Required action
Give back, word for word, the lines in the listing below from the one holding "Afbeelding van Kroonlijst" down to the one holding "Campos dos Goytacazes", both ends included.
-------- Provided data
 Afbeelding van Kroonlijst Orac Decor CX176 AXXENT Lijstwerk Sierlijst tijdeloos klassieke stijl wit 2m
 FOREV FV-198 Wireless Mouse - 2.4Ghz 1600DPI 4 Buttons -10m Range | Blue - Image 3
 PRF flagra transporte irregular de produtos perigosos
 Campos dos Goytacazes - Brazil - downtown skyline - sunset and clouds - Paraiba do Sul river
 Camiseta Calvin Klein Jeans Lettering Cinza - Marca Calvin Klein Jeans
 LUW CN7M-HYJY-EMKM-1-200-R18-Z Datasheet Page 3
----------------
-------- Provided data
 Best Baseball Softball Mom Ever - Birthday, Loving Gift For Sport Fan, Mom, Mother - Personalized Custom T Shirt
----------------
Exercise output
 Afbeelding van Kroonlijst Orac Decor CX176 AXXENT Lijstwerk Sierlijst tijdeloos klassieke stijl wit 2m
 FOREV FV-198 Wireless Mouse - 2.4Ghz 1600DPI 4 Buttons -10m Range | Blue - Image 3
 PRF flagra transporte irregular de produtos perigosos
 Campos dos Goytacazes - Brazil - downtown skyline - sunset and clouds - Paraiba do Sul river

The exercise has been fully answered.